Darby abrió las puertas traseras de la furgoneta y corrió hacia el lado del conductor. Le pesaban las piernas. Se sentó al volante y suspiró aliviada al ver que las llaves seguían puestas en el contacto. Arrancó y pisó con fuerza el acelerador. Su cuerpo se vio impulsado hacia delante mientras cruzaba el jardín. El sonido de un disparo le llegó por el auricular. Banville abrió fuego de nuevo: dos tiros cada uno.
Darby detuvo la furgoneta entre Washington y la puerta de la casa y, usando el vehículo como escudo, salió a atender al agente caído.
La tela de la chaqueta estaba rasgada por el impacto de la bala. No había sangre. Darby le bajó la cremallera. A través de la tela rota vio el chaleco antibalas con un orificio
Washington la miró, tenía los ojos muy abiertos y vidriosos; de su garganta salían sonidos entrecortados, vacilantes.
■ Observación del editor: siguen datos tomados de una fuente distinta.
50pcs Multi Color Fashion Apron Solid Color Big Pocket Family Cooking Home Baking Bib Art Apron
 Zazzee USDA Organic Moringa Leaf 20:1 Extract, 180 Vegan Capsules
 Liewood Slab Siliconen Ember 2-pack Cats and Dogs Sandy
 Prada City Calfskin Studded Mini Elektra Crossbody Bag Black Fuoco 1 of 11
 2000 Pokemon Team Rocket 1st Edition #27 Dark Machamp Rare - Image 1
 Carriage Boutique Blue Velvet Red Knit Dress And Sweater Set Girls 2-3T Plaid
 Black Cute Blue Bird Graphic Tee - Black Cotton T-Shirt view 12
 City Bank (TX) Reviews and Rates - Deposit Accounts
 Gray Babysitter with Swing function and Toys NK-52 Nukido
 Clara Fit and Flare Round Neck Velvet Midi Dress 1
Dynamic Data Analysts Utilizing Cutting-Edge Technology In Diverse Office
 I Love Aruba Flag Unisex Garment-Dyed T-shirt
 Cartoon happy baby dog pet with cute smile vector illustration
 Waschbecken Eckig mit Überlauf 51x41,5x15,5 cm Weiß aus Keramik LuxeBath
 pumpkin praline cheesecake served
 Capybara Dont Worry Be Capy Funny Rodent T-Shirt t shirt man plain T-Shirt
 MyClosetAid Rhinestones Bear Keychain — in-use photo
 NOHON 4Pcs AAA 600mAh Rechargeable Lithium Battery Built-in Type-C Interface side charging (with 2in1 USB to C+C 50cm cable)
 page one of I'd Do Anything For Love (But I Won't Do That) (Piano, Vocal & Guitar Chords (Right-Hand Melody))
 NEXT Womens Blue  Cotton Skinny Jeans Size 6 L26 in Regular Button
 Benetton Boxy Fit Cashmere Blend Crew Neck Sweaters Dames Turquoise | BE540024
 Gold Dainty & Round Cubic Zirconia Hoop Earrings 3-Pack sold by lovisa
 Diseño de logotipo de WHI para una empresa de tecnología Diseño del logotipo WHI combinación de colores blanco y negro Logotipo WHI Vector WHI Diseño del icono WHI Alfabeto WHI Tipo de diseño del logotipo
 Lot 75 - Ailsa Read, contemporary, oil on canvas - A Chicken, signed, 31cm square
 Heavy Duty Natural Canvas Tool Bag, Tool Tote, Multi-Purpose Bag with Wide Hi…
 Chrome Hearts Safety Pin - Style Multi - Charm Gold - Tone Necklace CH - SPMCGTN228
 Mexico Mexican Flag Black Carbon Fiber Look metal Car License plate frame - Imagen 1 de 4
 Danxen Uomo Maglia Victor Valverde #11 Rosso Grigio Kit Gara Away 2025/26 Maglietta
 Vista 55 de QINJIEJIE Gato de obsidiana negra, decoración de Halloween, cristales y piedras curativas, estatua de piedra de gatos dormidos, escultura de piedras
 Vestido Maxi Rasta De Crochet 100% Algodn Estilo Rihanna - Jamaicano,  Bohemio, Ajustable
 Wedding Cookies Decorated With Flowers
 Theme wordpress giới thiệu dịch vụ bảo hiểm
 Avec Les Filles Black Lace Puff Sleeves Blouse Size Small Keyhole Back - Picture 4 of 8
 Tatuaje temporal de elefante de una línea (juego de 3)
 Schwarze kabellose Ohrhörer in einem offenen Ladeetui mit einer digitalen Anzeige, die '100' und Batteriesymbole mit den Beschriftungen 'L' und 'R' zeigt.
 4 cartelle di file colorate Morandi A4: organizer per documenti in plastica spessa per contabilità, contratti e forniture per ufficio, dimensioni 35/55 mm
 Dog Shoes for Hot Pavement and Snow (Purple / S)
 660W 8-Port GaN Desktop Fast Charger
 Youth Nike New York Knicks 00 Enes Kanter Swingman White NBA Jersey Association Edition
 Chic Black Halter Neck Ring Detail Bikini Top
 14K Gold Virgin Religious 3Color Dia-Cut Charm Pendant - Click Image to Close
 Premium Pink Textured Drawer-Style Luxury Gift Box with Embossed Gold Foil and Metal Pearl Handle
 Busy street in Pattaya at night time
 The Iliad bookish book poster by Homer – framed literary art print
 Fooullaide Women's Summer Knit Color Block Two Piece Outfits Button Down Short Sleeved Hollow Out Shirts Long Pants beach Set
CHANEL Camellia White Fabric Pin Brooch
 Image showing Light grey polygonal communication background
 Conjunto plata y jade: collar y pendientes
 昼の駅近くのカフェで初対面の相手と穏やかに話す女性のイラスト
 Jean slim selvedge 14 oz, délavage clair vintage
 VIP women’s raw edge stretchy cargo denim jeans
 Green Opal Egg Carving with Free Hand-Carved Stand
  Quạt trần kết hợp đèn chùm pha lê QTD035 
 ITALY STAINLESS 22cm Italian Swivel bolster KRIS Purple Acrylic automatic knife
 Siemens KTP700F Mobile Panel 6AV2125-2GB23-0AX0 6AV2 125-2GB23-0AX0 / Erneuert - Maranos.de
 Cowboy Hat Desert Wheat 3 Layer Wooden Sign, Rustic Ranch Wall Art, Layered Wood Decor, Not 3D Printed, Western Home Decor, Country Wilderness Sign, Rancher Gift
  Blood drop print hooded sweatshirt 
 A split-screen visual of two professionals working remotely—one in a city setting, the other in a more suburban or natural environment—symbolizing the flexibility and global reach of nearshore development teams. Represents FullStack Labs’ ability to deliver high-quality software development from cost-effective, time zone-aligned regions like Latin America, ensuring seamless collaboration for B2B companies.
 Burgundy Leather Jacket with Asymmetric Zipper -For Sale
Darby lo agarró por los sobacos.
– Aguanta, te pondrás bien -dijo ella, y repitió esas palabras una y otra vez mientras lo arrastraba por el jardín, mientras una ráfaga de viento atroz hacía volar las hojas.
Por el auricular seguían llegando ruidos de gritos y estropicio de cristales.
Darby consiguió apoyar la parte superior del torso del agente en la parte de atrás de la furgoneta. Saltó al exterior, le cogió por las piernas y lo subió al vehículo.
Arrodillada a su lado, Darby le quitó el arma SIG Sauer de la cartuchera. Le desabrochó la camisa de un tirón y desató las tiras de velcro del chaleco para reducir la presión sobre la herida.
Más cristales rotos, pero éstos no procedían del auricular sino del exterior.
Con la pistola en la mano, cerró las puertas de la furgoneta. Boyle estaba en el garaje, armado.
Darby se echó al suelo. Un disparo rebotó en la puerta de la furgoneta. Rodó hacia un lado, se incorporó y corrió hacia la puerta delantera. El siguiente disparo impactó en la placa de la matrícula.
Le zumbaban los oídos. Sacó la pistola por encima de la capota delantera y apuntó al techo…
Boyle salió a la calzada.
«Va a por el coche», se dijo ella, y disparó dos veces.
Estaba demasiado lejos. Las balas se estrellaron contra un lado del garaje. Boyle tropezó y volvió a disparar… dentro del garaje. «Banville debe de estar allí.»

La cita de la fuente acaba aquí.